→ Dataset entries
↓

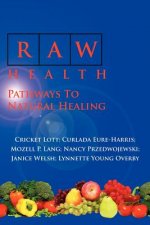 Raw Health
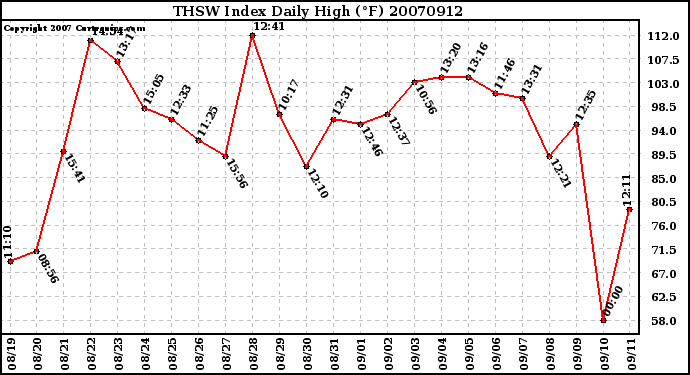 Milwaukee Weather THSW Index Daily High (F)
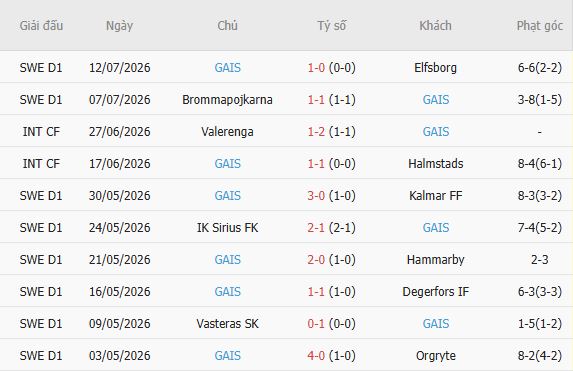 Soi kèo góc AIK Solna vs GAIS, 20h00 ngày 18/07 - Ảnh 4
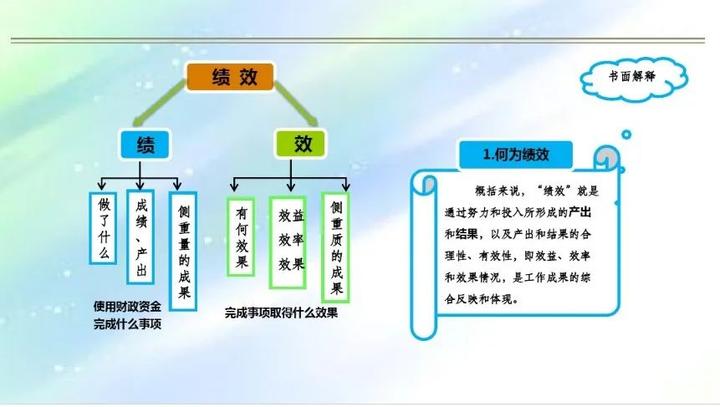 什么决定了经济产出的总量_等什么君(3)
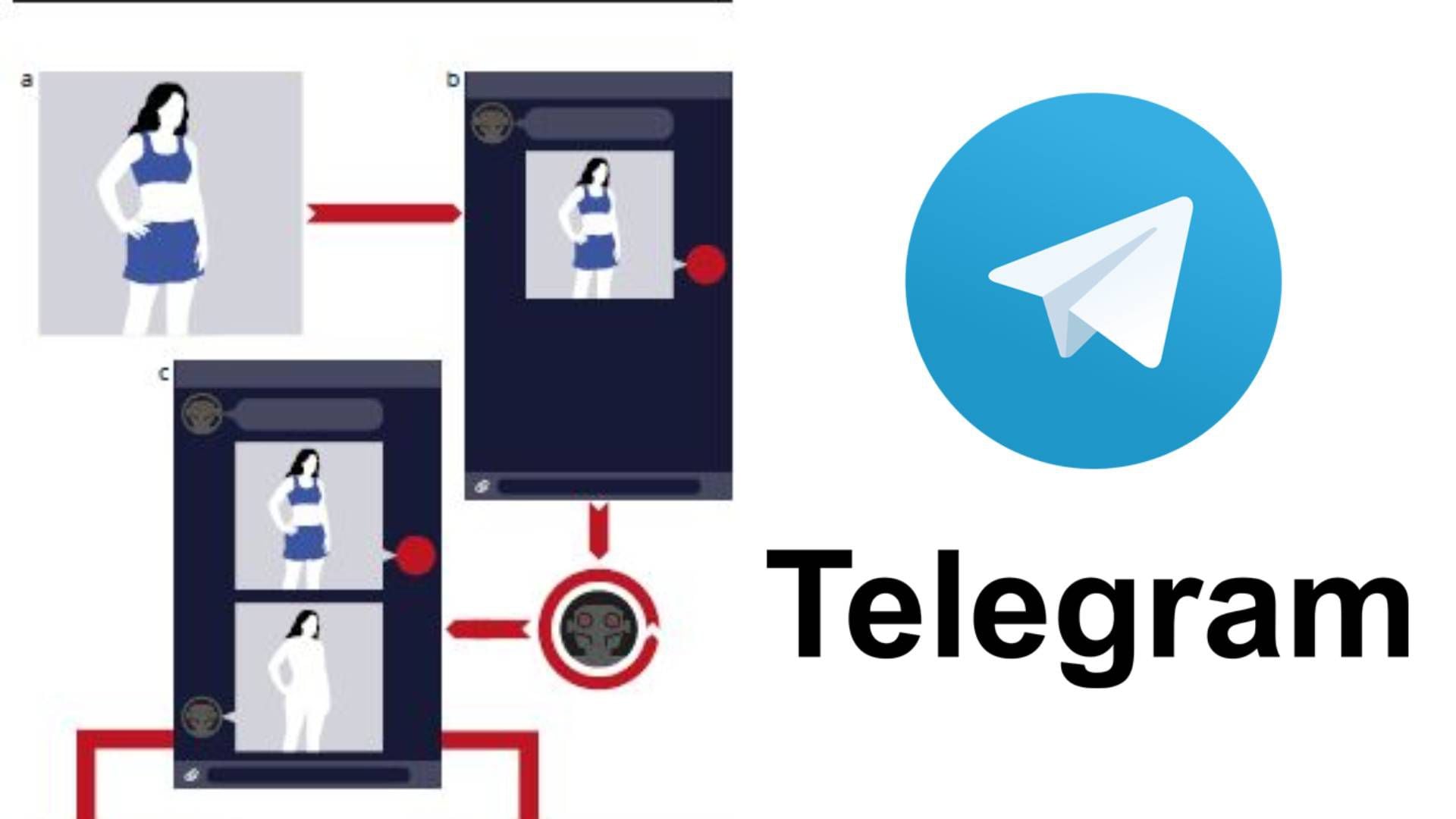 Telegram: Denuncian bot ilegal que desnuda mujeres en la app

↑

Starting with the line that contains "什么决定了经济产出的总量_等什么君(3)", repeat each line exactly until the listing ends, including the last one. Leave pictures out.

 什么决定了经济产出的总量_等什么君(3)
 Telegram: Denuncian bot ilegal que desnuda mujeres en la app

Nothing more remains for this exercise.